The Gas Act 1960 increased the Gas Council's borrowing powers to £500 million.

The Gas Act 1965 (c. 36) and the Gas (Borrowing Powers) Act 1965 (c. 60) increased the council's borrowing powers to £1,200 million; it was also allowed to manufacture or acquire gas and supply gas in bulk to Area Boards. The new powers allowed it to enter joint ventures with Amoco on parts of the Leman and Indefatigable gas fields.

The Gas Advisory Council was established in 1965 to allow workers and management and trade unions to discuss national objectives.

The Gas Council chairman Sir Henry Jones announced in 1966 that Britain would convert from manufactured to natural gas and formed a Conversion Executive.  A Gas Conversion Association was also established to represent the interests of contractors.

A contract was made with BP in 1967 to purchase natural gas from the West Sole Field.
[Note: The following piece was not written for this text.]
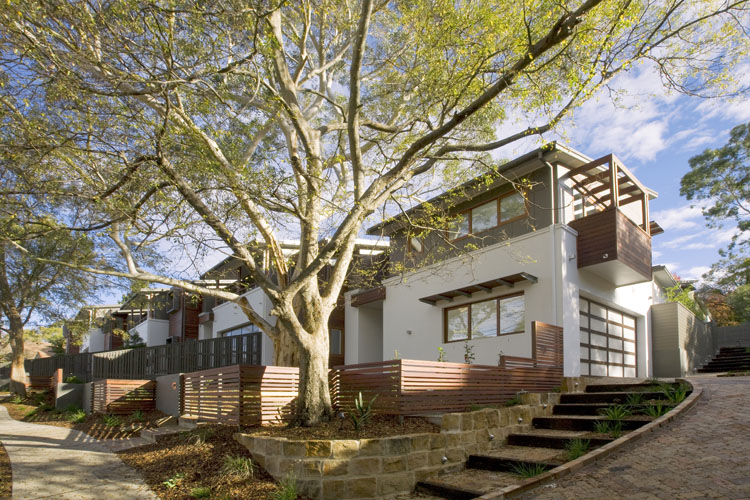 A street of modern two-storey townhouses with modest courtyards, landscaped gardens and natural shading. 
This was to be 50 million cubic feet per day for 15 years. The Gas Council offered 2.5d. to 4d. per therm whereas BP proposed 6d. to 7d. a therm. After an intervention from the minister a figure of 5d. was agreed. Soon after 25-year contracts were made with Phillips, Shell/Esso and Gas Council/Amoco for gas from fields (Hewett, Leman and Indefatigable) feeding the Bacton terminal in Norfolk. At both Easington, where gas from West Sole landed, and at Bacton the council built terminals to receive cleaned gas which was then metered; blended; had odorant added; and had the flow controlled. The Gas Council built a network of 36-inch diameter pipelines to transmit the gas, which was to become the National Transmission System.
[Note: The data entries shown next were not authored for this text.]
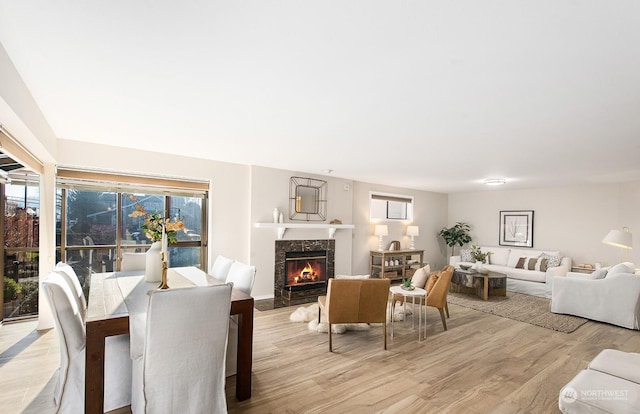 dining area with a premium fireplace and light wood-type flooring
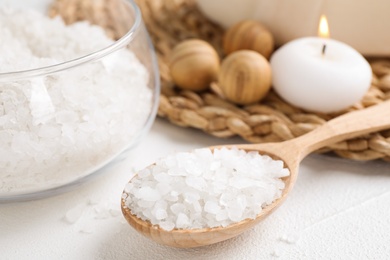 Wooden spoon with sea salt for spa scrubbing procedure on white table, closeup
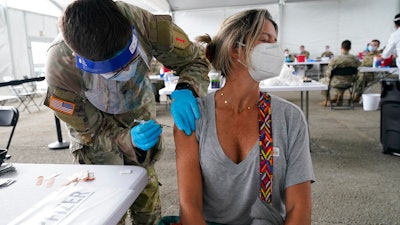 Liana Fonseca looks away as she receives the Pfizer COVID-19 vaccine in Miami, March 9, 2021.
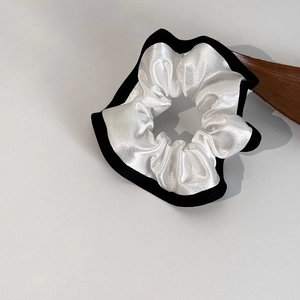 Détail macro du chouchou en satin blanc avec liseré noir contrasté au style français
In 1968 a major restructuring of the Gas Council was undertaken, driven by the advent of natural gas and the need to plan nationally. The area boards which had been accountable directly to the minister, now had their activities channelled though the council. A central marketing office was established for selling gas to large industrial customers, the director sat on the Gas Council board. As well as Marketing there were divisions for Economic Planning, Production and Supply; Research and Development and Personnel, whose directors were on the board. The deputy chairman Arthur Hetherington became the chief executive.
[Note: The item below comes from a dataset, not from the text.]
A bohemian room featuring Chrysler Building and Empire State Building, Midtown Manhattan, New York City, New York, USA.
The Gas Council/Amoco group discovered oil in Block 22/18 of the North Sea in 1971, in what were to be named the Arbroath and Montrose oil fields.

=== Publications ===
The Gas Council published a range of material to meet statutory obligations and to inform commercial and domestic consumers. These included:

- Annual Report and Accounts (1950 to 1972)
- D. Chandler and A. D. Lacey (The Gas Council), The Rise of the Gas Industry in Britain 1949
- Mr. Therm Goes Country 160 Famous County Recipes 1951
- Gas in your home 1952
- Coke-Fired Crop Drying Plant 1958
- Coke Burning Appliances Handbook 1959
- Food Leaflet 'Jam Making & Fruit Bottling 1960
- The Gas Council's Catering Handbook 1960
- F. J. Dent, Principles of new gas making processes, 1965
- The Underground Storage of Gas, 1965
- Natural Gas from the Sahara, 1965
- Natural gas from the North Sea 1967
- Britain's natural gas 1972

== Abolition ==
In 1969 the government recognised that to fully exploit the benefits of North Sea Gas a radical reorganisation of the industry was needed with increased power to the centre. A bill to realise these changes was introduced in Parliament by the Labour government in November 1969. However, this bill failed as Parliament was dissolved for the 1970 general election. The Conservative government introduced a new bill in 1972 to put full responsibility for the gas industry into a new statutory body, the British Gas Corporation. The Gas Act 1972 (c. 60) received royal assent on 9 August 1972 and came into force on 1 January 1973. The Gas Council was thereby abolished.